La thèse qui s’oppose à l’anthropocentrisme pose, dans les mots de Charles Birch : "Dans un univers écologique, toute entité créée a une valeur intrinsèque, parce qu’elle est sujet aussi bien qu’objet(14)". Dave Bookless, théologien (anglican) pour A Rocha, dit des autres créatures que "leur valeur est totalement indépendante des êtres humains. [...] Ces créatures comptent, non parce qu’elles nous sont utiles, mais parce qu’elles ont de l’importance pour Dieu(15)". Russell D. Moore trouve même un appui chez le théologien souvent décrié comme trop conservateur Carl F. H. Henry : "Dieu a beaucoup plus à l’esprit et en jeu dans la nature que de fournir à l’homme une toile de fond qui lui convienne (...) ou même que de ménager une scène pour que s’y joue le drame du salut humain(16)". Appel est fait, par les auteurs chrétiens, aux textes qui célèbrent les beautés de la création, et, plus généralement à l’émotion esthétique(17).

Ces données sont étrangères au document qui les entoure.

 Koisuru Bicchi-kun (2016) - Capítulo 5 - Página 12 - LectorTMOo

Otto Schaeffer-Guignier en fait le premier aspect du quadruple rapport à l’environnement qu’il préconise : "– la culture des sens (esthétique écologique) ; – la conciliation du vivant (éthique écologique) ; – le deuil et la fête de la création (spiritualité écologique) ; – la sauvegarde de la création (diaconie écologique)(18)".

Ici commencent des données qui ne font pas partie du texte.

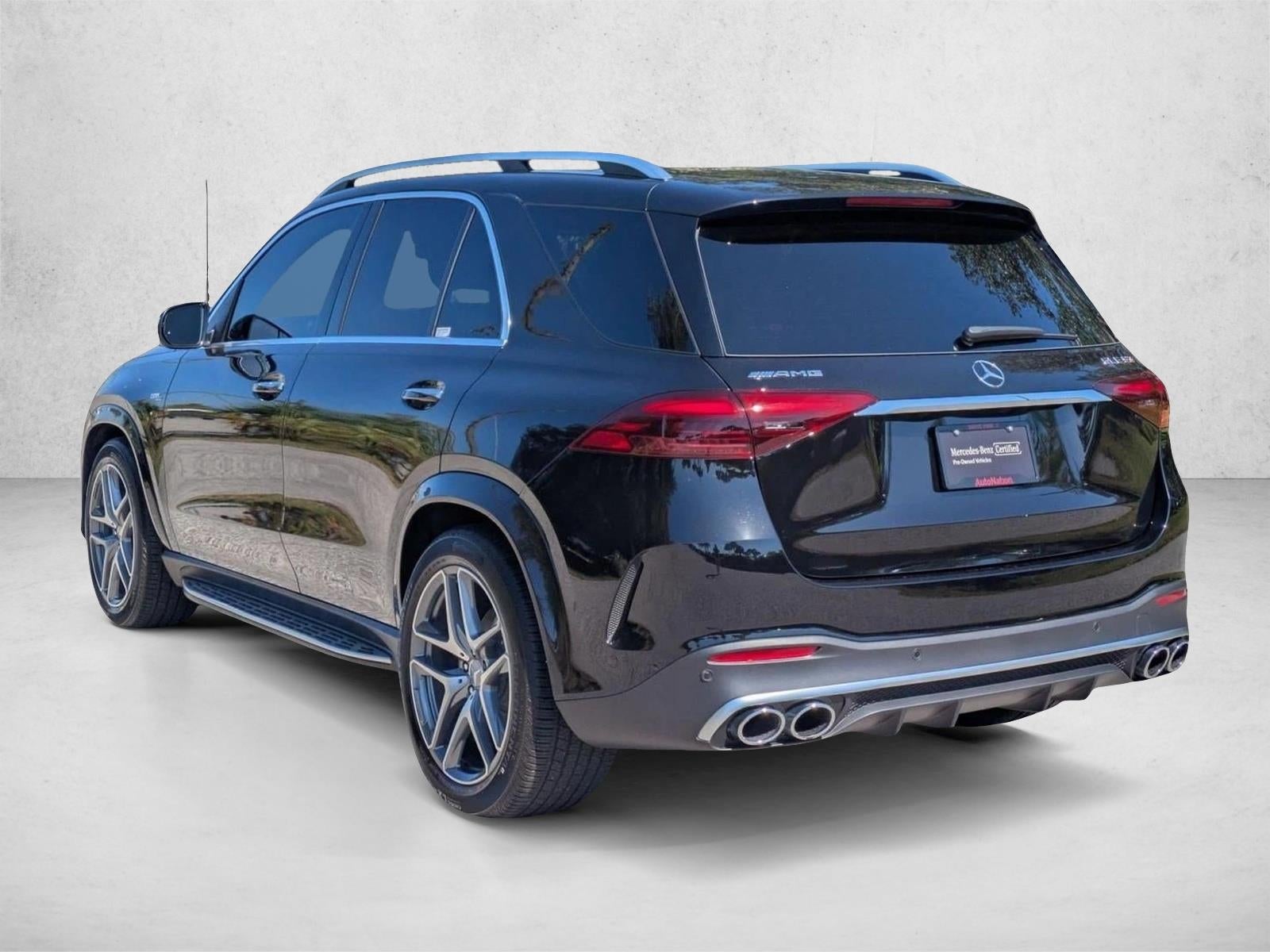 2024 Mercedes-Benz GLE AMG® GLE 53 4MATIC®+ SUV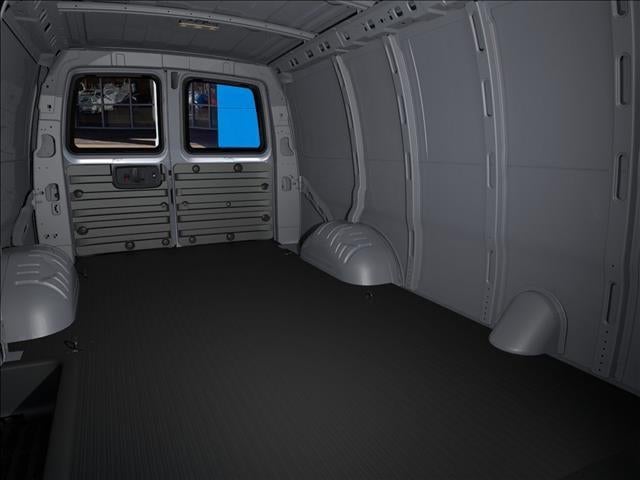 2025 Chevrolet Express Cargo 2500 Base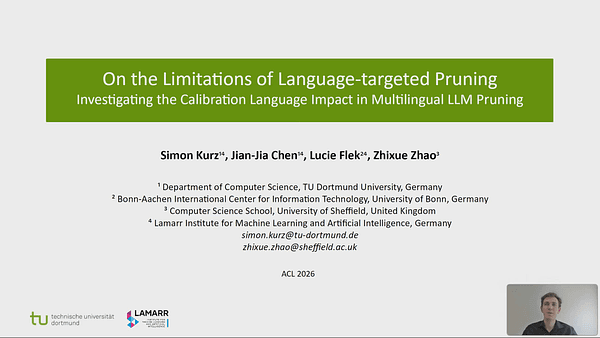 On the Limitations of Language Targeted Pruning: Investigating the Calibration Language Impact in Multilingual LLM Pruning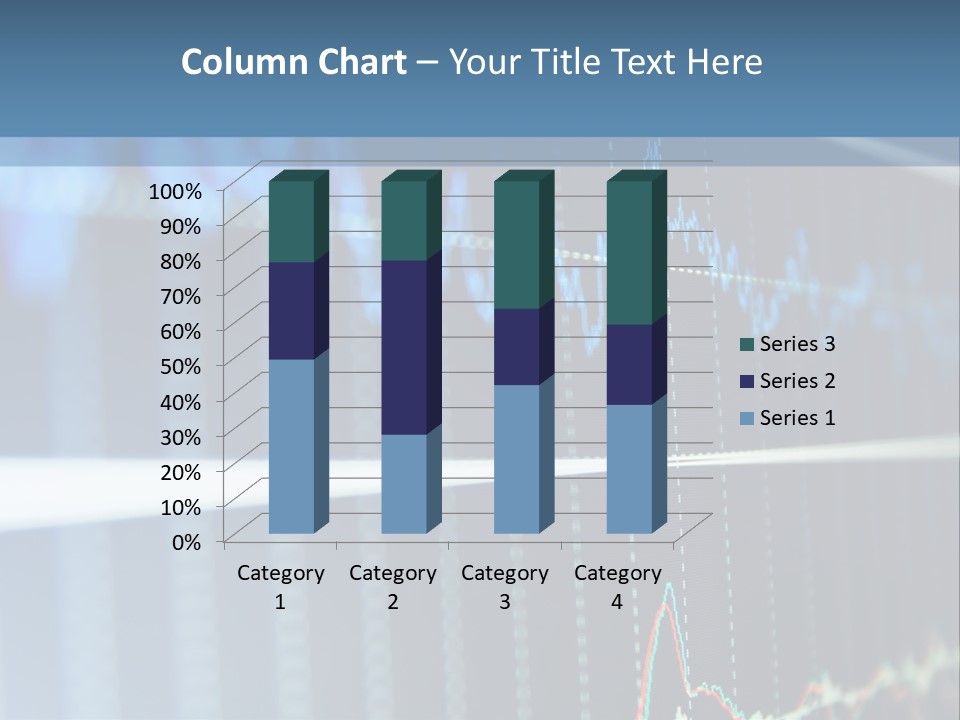 White Balance Graphic PowerPoint Template
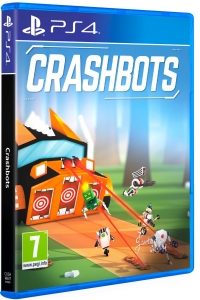 Crashbots Box Art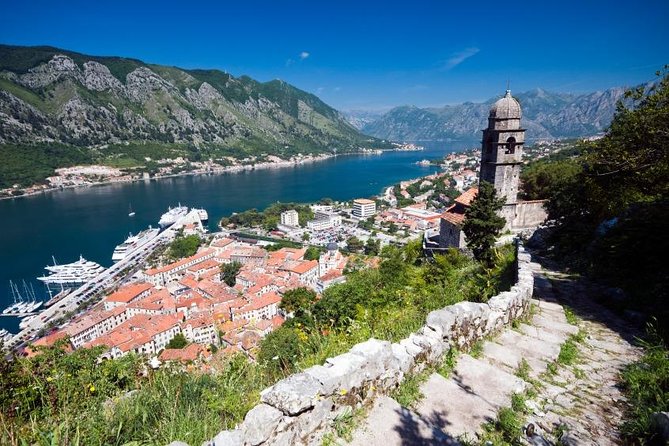 Montenegro Coast Private Day Trip from Dubrovnik - Stop 1, Perast: The Bay of Kotor Walk You Want First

Quand le rapport à l’animal est en cause, la tendance se renforce par la mutation des sensibilités qu’on enregistre depuis quelques décennies (dans les pays dits "du Nord"). Les procédés traditionnels de dressage et d’abattage soulèvent l’indignation (pour ne pas parler de la chasse et de la tauromachie), et cette indignation tourne à la nausée quand on voit comment se pratique l’élevage industriel. Un fort courant veut faire de l’animal un sujet de droit. Le principe est celui que posait Jean-Jacques Rousseau : "Il semble en effet que, si je suis obligé de ne faire aucun mal à mon semblable, c’est moins parce qu’il est un être raisonnable qu’un être sensible, qualité qui, étant commune à l’homme et à la bête, doit au moins donner à l’une le droit de n’être point maltraitée inutilement par l’autre(19)". Le spécisme qui privilégie l’humanité est assimilé au racisme. Certains, assez logiquement, jugent l’humanité coupable de sa croissance envahissante : elle se fait, selon les lois de la concurrence vitale, aux dépens d’autres espèces. Le philosophe australien Peter Singer, qui fut un pionnier de la défense des droits des animaux, milite aussi pour le droit de supprimer les nouveau-nés humains dont on ne veut pas. La philosophe (française, elle) Chantal Delsol ne peut pas être contredite : "Nos contemporains s’émeuvent de voir tuer tous les poussins surnuméraires, mais pas les embryons humains surnuméraires. Et sacralisent les loups dont je ne peux pas m’empêcher de penser qu’ils importent moins que l’enfant du berger(20)".
L'éco-justice
Le second discours chevauche souvent le premier, mais il se distingue par sa lutte prioritaire pour l’éco-justice. Il descend plus volontiers dans l’arène politique....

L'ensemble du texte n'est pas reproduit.